--- Exercise requirements ---
Show each line of the data below that has the string "Genesis" in it.

---------- Dataset content

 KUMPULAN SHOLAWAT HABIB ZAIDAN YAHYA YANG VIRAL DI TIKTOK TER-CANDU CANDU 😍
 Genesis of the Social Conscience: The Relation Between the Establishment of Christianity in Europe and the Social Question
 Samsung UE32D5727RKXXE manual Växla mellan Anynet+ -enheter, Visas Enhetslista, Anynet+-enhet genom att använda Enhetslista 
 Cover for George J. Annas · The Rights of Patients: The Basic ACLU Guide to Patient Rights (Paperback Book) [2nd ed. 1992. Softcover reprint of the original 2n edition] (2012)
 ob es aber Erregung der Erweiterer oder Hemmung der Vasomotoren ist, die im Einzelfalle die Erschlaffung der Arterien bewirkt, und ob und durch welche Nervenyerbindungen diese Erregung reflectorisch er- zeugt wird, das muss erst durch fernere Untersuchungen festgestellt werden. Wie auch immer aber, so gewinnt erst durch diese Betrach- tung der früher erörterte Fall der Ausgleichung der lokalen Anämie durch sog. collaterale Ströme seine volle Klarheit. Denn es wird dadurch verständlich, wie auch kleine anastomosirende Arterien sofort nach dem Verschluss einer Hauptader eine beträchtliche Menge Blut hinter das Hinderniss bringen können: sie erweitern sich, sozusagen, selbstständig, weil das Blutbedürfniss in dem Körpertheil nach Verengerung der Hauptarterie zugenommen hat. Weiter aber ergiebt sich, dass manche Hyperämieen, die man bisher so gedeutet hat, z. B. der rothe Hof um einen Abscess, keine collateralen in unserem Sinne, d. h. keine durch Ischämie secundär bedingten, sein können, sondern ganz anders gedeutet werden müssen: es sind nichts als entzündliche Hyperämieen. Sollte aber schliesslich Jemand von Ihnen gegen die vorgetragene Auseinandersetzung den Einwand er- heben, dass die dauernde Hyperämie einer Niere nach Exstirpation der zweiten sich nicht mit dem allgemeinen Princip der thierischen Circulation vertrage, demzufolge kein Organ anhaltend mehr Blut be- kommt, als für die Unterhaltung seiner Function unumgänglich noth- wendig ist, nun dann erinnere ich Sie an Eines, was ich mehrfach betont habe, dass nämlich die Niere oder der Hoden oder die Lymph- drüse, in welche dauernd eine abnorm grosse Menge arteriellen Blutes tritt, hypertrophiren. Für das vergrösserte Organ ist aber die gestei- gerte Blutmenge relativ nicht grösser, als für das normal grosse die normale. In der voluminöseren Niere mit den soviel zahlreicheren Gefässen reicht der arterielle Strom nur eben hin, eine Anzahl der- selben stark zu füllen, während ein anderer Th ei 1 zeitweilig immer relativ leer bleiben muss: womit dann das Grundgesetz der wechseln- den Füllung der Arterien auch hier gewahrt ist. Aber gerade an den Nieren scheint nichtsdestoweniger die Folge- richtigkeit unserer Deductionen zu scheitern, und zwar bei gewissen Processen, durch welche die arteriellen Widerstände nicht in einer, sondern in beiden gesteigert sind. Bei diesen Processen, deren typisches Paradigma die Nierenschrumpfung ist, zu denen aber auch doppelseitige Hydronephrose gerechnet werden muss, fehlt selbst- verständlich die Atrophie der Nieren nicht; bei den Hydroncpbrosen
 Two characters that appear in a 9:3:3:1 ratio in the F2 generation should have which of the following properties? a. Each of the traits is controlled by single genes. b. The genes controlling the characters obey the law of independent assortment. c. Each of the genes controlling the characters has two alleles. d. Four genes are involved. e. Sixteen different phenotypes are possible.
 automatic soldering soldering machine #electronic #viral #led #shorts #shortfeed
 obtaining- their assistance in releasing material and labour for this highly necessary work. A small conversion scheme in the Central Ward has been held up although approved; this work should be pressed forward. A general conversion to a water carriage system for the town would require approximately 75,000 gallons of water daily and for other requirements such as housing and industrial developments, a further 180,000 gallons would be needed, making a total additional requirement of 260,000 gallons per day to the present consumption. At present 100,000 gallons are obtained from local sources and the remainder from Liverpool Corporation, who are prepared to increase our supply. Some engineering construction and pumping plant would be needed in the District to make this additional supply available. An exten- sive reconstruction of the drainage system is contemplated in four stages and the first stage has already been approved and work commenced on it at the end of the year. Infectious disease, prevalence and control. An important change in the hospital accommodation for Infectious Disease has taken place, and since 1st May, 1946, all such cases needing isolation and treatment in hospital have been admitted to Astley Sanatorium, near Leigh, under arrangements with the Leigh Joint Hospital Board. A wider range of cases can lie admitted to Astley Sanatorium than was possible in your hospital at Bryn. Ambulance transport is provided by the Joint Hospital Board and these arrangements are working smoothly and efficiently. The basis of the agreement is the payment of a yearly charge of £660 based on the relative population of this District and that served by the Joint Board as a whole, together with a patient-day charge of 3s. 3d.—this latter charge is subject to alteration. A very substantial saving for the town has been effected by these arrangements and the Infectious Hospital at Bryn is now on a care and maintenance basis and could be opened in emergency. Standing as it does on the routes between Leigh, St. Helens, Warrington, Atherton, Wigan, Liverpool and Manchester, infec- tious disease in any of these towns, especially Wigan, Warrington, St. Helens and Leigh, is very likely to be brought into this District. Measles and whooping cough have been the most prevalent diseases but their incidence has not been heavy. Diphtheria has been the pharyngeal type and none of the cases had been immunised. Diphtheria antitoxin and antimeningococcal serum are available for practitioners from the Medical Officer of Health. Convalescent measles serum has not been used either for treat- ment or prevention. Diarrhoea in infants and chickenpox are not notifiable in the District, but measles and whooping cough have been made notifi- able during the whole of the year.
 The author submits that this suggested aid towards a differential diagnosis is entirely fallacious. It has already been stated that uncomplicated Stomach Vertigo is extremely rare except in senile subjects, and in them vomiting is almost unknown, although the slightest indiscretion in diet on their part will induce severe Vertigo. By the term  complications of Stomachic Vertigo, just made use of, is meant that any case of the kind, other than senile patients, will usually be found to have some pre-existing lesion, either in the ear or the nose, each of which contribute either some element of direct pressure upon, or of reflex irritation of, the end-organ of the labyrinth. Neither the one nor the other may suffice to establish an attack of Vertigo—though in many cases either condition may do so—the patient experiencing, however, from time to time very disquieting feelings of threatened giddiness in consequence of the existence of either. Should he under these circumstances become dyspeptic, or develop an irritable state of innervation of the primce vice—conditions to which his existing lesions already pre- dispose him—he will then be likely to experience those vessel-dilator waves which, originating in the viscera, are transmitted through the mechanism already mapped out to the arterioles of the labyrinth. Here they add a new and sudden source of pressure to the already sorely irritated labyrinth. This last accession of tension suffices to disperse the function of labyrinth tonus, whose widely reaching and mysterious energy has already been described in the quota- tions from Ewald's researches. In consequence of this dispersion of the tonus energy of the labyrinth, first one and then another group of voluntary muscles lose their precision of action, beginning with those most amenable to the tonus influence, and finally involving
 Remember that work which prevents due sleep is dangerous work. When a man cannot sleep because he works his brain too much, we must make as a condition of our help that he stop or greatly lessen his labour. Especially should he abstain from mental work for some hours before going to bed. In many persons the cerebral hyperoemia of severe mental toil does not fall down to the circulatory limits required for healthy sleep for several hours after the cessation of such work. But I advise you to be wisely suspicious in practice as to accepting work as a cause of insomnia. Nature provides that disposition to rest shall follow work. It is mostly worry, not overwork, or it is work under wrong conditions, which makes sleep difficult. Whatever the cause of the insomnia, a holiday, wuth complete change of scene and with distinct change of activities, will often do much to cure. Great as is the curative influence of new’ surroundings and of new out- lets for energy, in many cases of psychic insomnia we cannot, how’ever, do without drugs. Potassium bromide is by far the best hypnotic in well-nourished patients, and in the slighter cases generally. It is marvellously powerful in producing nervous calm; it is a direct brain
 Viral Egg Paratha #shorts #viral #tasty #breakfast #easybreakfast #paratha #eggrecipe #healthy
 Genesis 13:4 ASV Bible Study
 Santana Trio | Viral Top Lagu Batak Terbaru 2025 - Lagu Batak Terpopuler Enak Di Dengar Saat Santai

--------------------

--- Task solution ---
 Genesis of the Social Conscience: The Relation Between the Establishment of Christianity in Europe and the Social Question
 Genesis 13:4 ASV Bible Study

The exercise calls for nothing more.